By Marc Weiszer
In the last five weeks, as No. 4 Georgia picked up steam en route to Saturday’s SEC championship showdown with Alabama, quarterback Jake Fromm has been as well-protected as a bubble-wrapped present delivered for the holidays.
After getting sacked three times in a blowout loss at LSU, opposing defenses have sacked him just once and none in the last four games.
Now comes finding a way to slow down Crimson Tide nose guard Quinnen Williams, “the ultimate challenge,” Georgia coach Kirby Smart said.
“He’s extremely quick, extremely athletic,” Smart said. “He uses his leverage well. He’s powerful.”
It’s a tough assignment primarily for Georgia senior center Lamont Gaillard as well as guards Solomon Kindley and Tray Hill (if injuries keep Ben Cleveland and Cade Mays on the sideline).
“I’m not going to give any offensive line an advantage playing against him, he’s just had that kind of a year,” said SEC Network analyst Cole Cubelic. “He’s been completely destructive, seemingly unstoppable and a guy who can utilize a pretty elite combination of quickness and power. They’re going to have their hands full.”
The 6-foot-4, 295-pound Williams’ pro stock has jumped to the sixth-rated player for the 2018 NFL draft on ESPN analyst Todd McShay’s rankings.
The redshirt sophomore has 5.5 of his seven sacks the past four games, third most in the nation during that stretch, according to CFBstats.com, and leads No. 1 Alabama this season with 11 quarterback hurries and 16 tackles for loss, second most in the SEC.

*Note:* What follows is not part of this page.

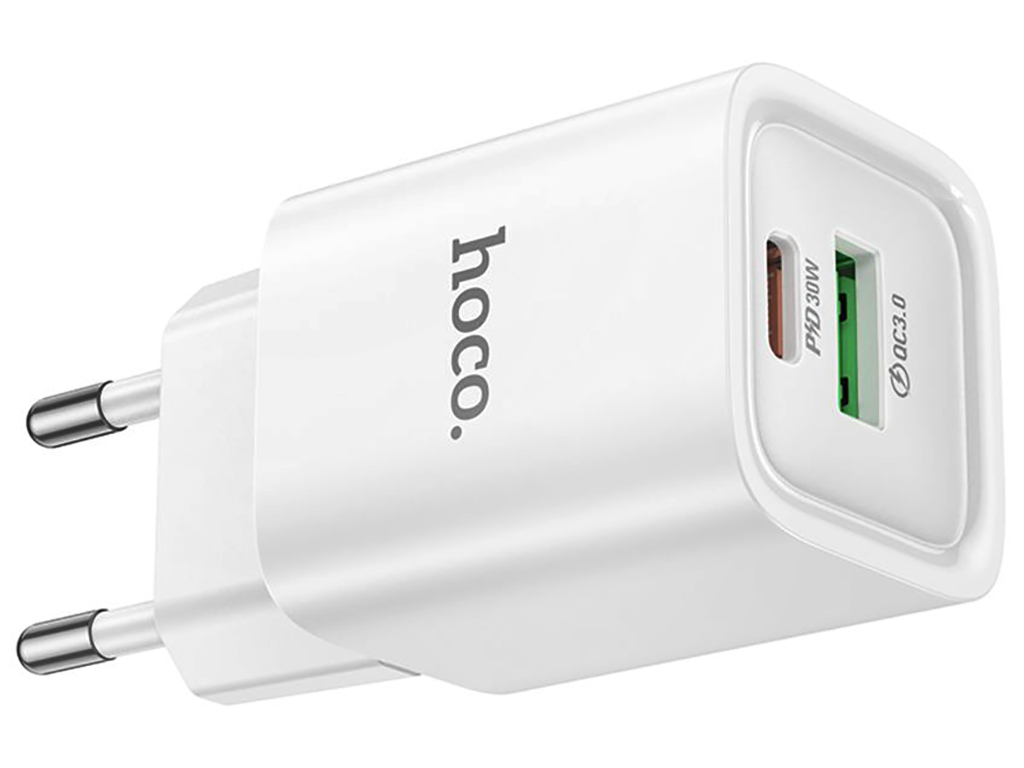 Сетевое зарядное устройство Hoco C149A 1USB/1USB-C PD/QC 30W, цвет белый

“We didn’t do a good job game-planning for him, we didn’t block him,” said Tennessee coach Jeremy Pruitt, who worked with Williams last season as defensive coordinator at Alabama. “I think Quinnen is highly motivated. He’s a really good competitor. He’s instinctive. He studies the game and he plays hard. He can rush the quarterback, he can play the run. He’s hard to block.”
No wonder he’s a finalist for the Nagurski Trophy and Bednarik Award for nation’s best defensive player and Outland Trophy for top interior lineman.
“He’s a really, really good player,” Georgia running back Elijah Holyfield said. “We’ll definitely have to game plan for him.”
Williams, third on Alabama with 58 tackles, does most of his damage lined up over the center and guards.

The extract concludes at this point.